Over the last decade, the number of retaliation claims under Title VII of the Civil Rights Act of 1964, has risen exponentially, in comparison to the rate of employment discrimination and harassment claims brought under the core provision. The EEOC reports that in 1992, retaliation complaints comprised 15.3% of all charges. As of 2005, that percentage had nearly doubled to 29.5%.1 The rise in retaliation claims seems to indicate a shift in workplace dynamics that may tell a distressing story. While employees are now utilizing their employer’s internal grievance procedures and raising their voices in opposition to perceived unfairness in the workplace, increasingly they feel that they are being penalized by the employer for availing themselves of these measures. Allegations of supervisor backlash, demotions, negative evaluations, promotion denials, alienation and even termination, in the wake of discrimination complaints, present difficult scenarios for employers to defend.It is becoming a more common occurrence for employers to effectively defend an underlying discrimination claim, yet incur liability for retaliation. In 2004, the EEOC recovered over $90 million dollars in damages on retaliation claims alone—a significant number of which were not even alleged in the initial charge.2 Employers faced additional pressure, due to the fact that exactly how severe and job-related an employer’s conduct must be to constitute cognizable retaliation depended on which circuit court of appeals was asked.
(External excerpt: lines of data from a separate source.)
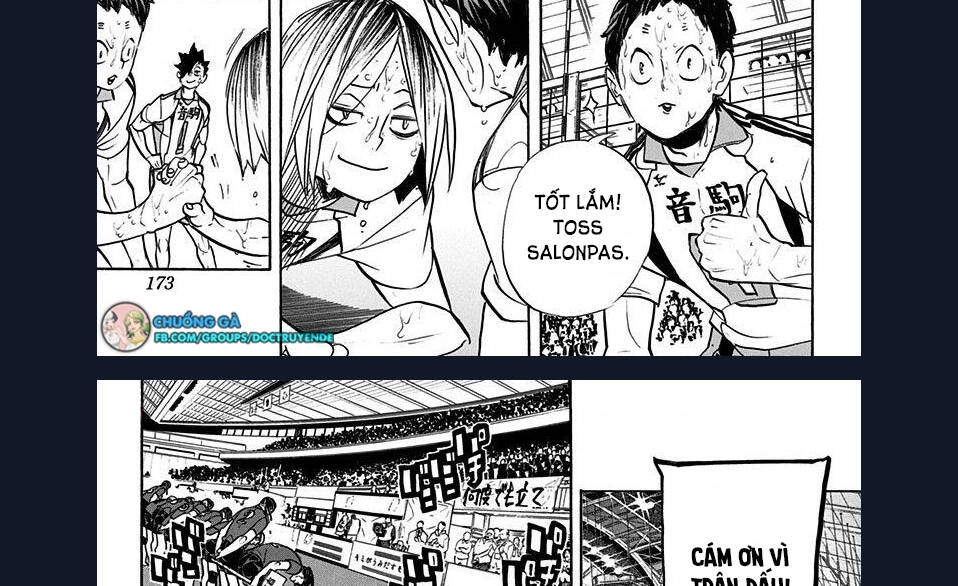 Haikyuu Chapter 269 - 8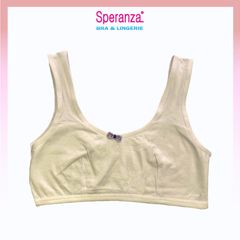 Áo Lá Nữ Sinh Cotton Speranza xinh xắn, Lớp Lót Dày Dặn Thấm Hút, Thoáng Mát Dành Cho Bé Gái Dưới 52kg SPAL037SH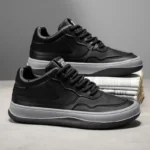 Men’s Casual Leather Oxford Shoes – Soft Platform Business & Office Shoes - Image 4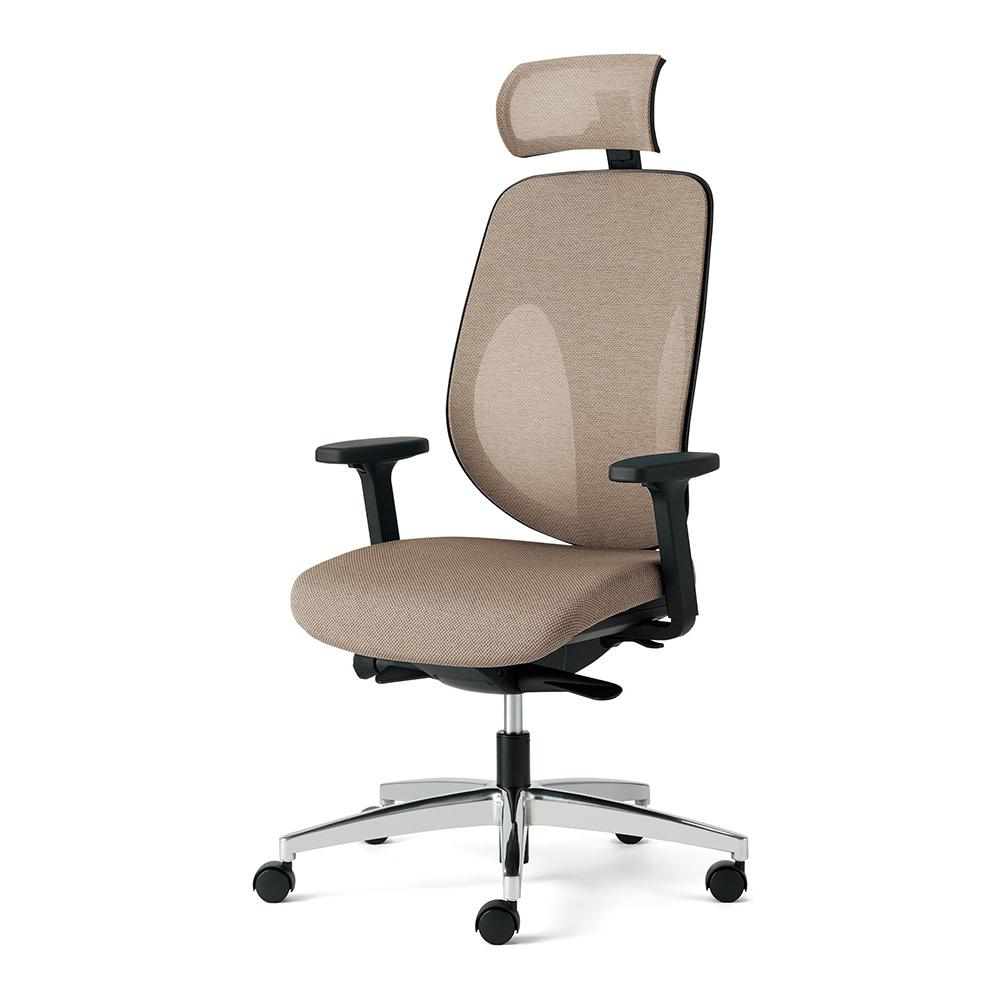 giroflex ジロフレックス 353 ハンガー/ヘッドレスト/肘付き/アルミ脚 背座同色タイプ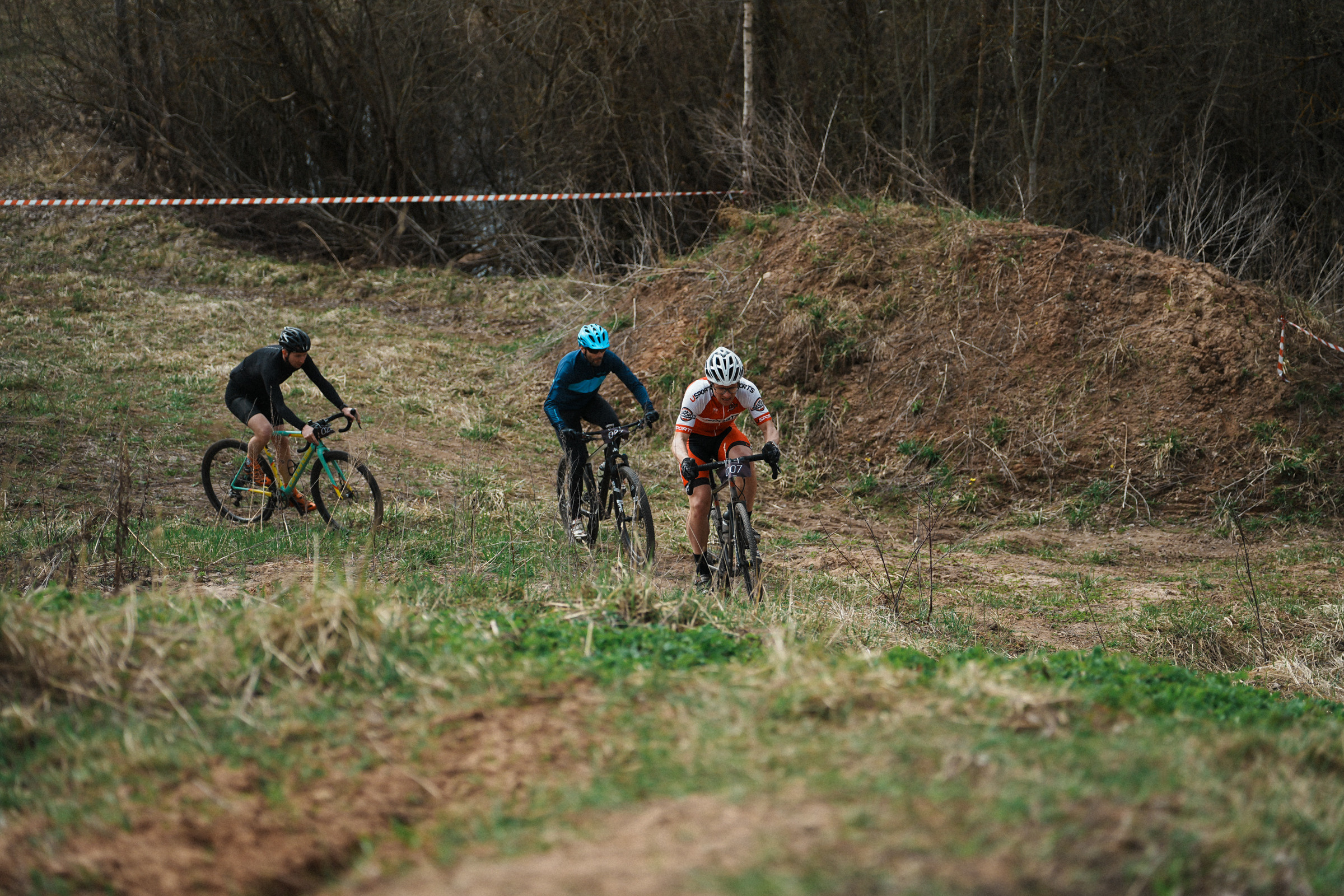 /РЕПОРТАЖ/ Велогонка «ТИПА-ЦИКЛОКРОСС-1» 22.04.2023. Свадебный фотограф Великий Новгород Станислав Кособудский
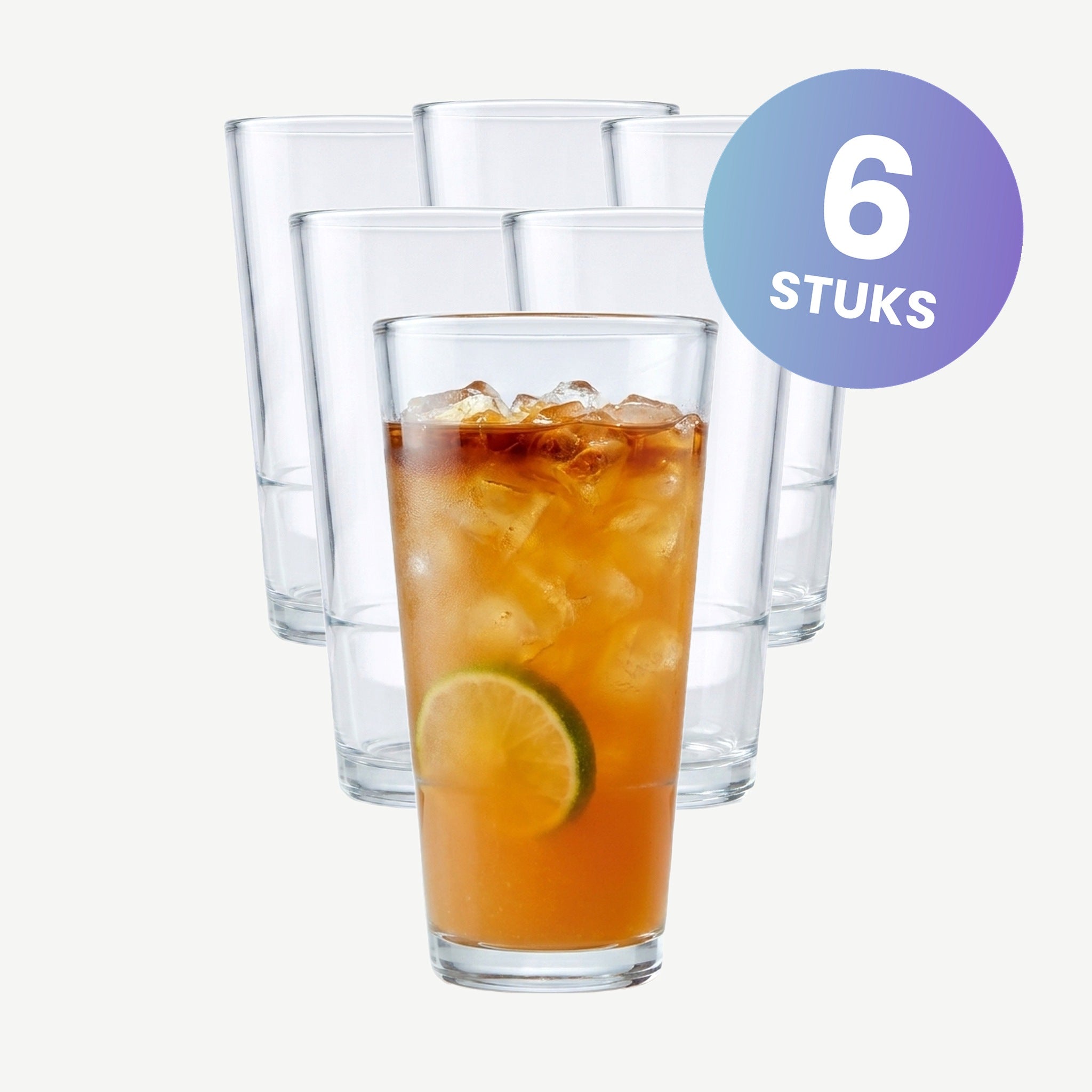 Arcoroc Stack Up Longdrinkglas 35 Cl - set van 6 glazen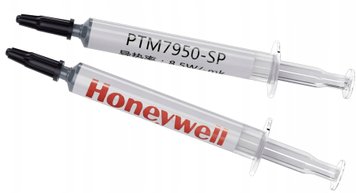 Термопаста силиконовая с фазовым переходом Honeywell 2g (PTM7950-SP) 8.5W/mK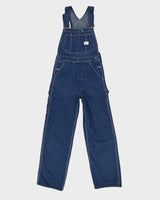 Vintage 80s Big Mac Blue Denim Dungarees - W30 L30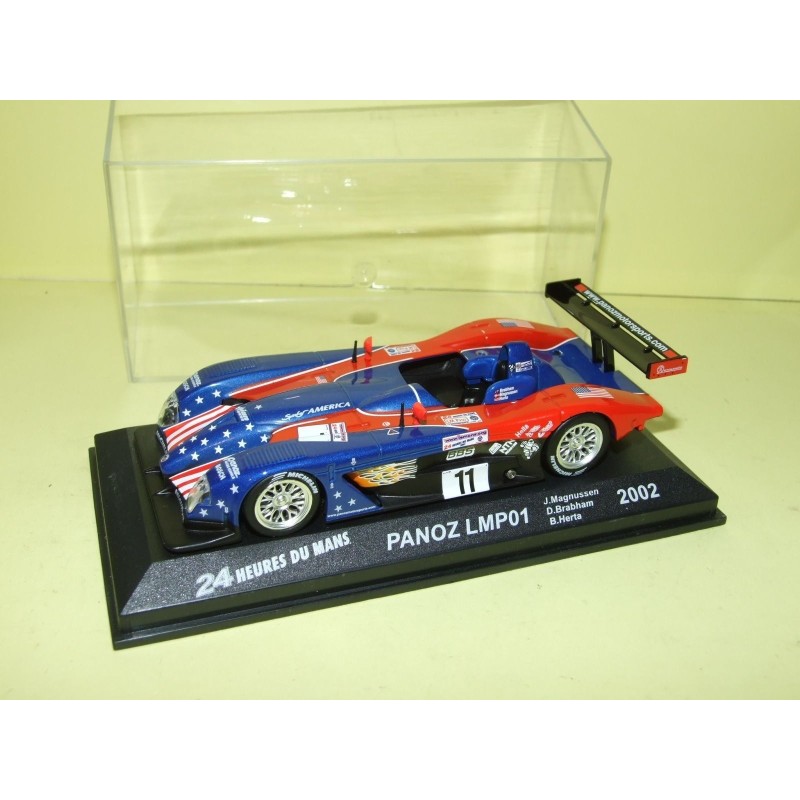 PANOZ LMP01 N°11 LE MANS 2002 ALTAYA 1:43 Abd
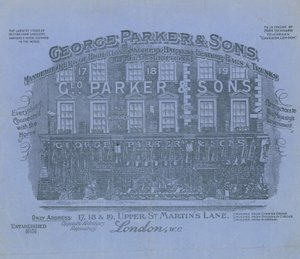Negozio di George Parker & Sons da English School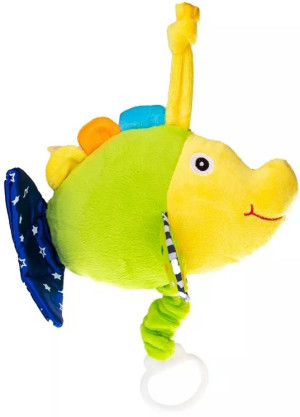 Rybka baby pozytywka (Głos) - 21cm - pluszak, maskotka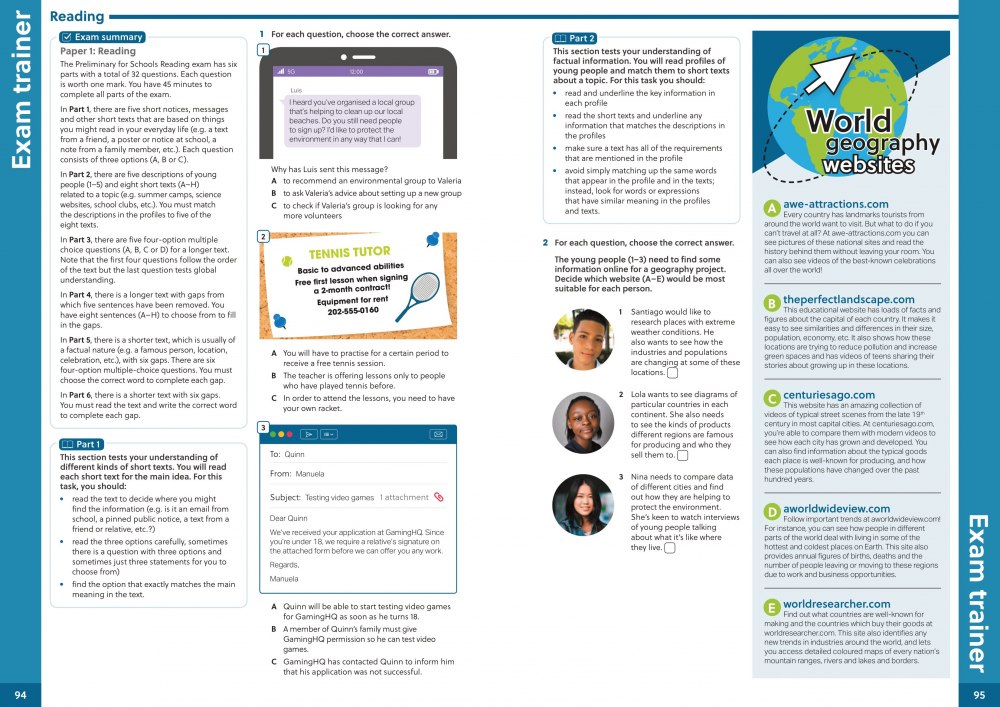 [object Object] «Gateway to the World for Ukraine 3/B1 Workbook with Digital Workbook», автор Філіп Вуд - фото №5 - мініатюра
The Fifth and Eighth Circuits opined that employer liability for retaliatory discrimination under Title VII should be restricted to an “ultimate employment decision,” such as hiring, discharging, promoting, and compensation.3 Other circuits applied a more relaxed standard, finding liability for any “materially adverse change” in the terms, conditions or benefits of employment.4 The most lenient analysis, utilized by a minority of courts, is based on whether the challenged conduct “would have been material to a reasonable employee,” and would likely have “dissuaded a reasonable worker from making or supporting a charge of discrimination.”5
Last June, the Supreme Court, in reviewing a decision from the Sixth Circuit, analyzed each of these tests and adopted a standard that appears to be more expansive than any other test previously applied. In Burlington Northern & Santa Fe Railway Co. v. White the Court incorporated the standard applied by a minority of courts, and concluded that Title VII’s anti-retaliation provision covers: “…those (and only those) employer actions that would have been materially adverse to a reasonable employee or job applicant. In the present context that means that the employer’s actions must be harmful to the point that they could well dissuade a reasonable worker from making or supporting a charge of discrimination.” 126 S. Ct. 2405, 2409 (2006). Even more surprising was the Court’s ruling that prohibited retaliatory conduct need not occur in the workplace or be employment-related. Id.
The Background
In June 1997, plaintiff Sheila White was hired by Burlington Northern’s Memphis rail yard, as a “track laborer” in the maintenance department. Her duties included removing and replacing track components, transporting material, and removing litter and spillage from the track’s right-of-way. Considered a ‘less than glamorous’ position by most railway workers, this job was typically held by less senior laborers in the department. At the time White was hired, she was the only woman. Shortly after White was hired, one of the laborers who primarily operated the forklift, opted to move into another job position. The department manager, aware of White’s previous forklift experience, immediately assigned the fork lifting duties to White. After only a few months working as a forklift driver, White reported to management that she was being harassed by her foreman. Burlington investigated White’s complaint, suspended the harasser and ordered him to complete sexual harassment training. Id. at 2409.Up to this point, Burlington officials responded appropriately to White’s complaint, applying acceptable standards under Title VII— a viable method for complaints, prompt investigation, and effective remedial action to cease the harassing behavior. Management then, however, contemporaneously decided that White would be reassigned to her former tasks as a general track laborer. Burlington explained that their decision was based on fairness to the other workers, who felt that a “more senior man” should get the “less arduous and cleaner job” of forklift operator. Id. at 2409. Two weeks later, White filed a complaint with Equal Employment Opportunity Commission (EEOC), alleging that the reassignment of her duties constituted gender discrimination and retaliation in response to her harassment complaint against the foreman. Id. Only days after the company received White’s EEOC charge, White had a disagreement with a different foreman and was suspended without pay for insubordination. White challenged the suspension through an internal grievance and was reinstated 37 days later with full backpay. Thereafter, White filed another retaliation charge, based on the suspension. Id.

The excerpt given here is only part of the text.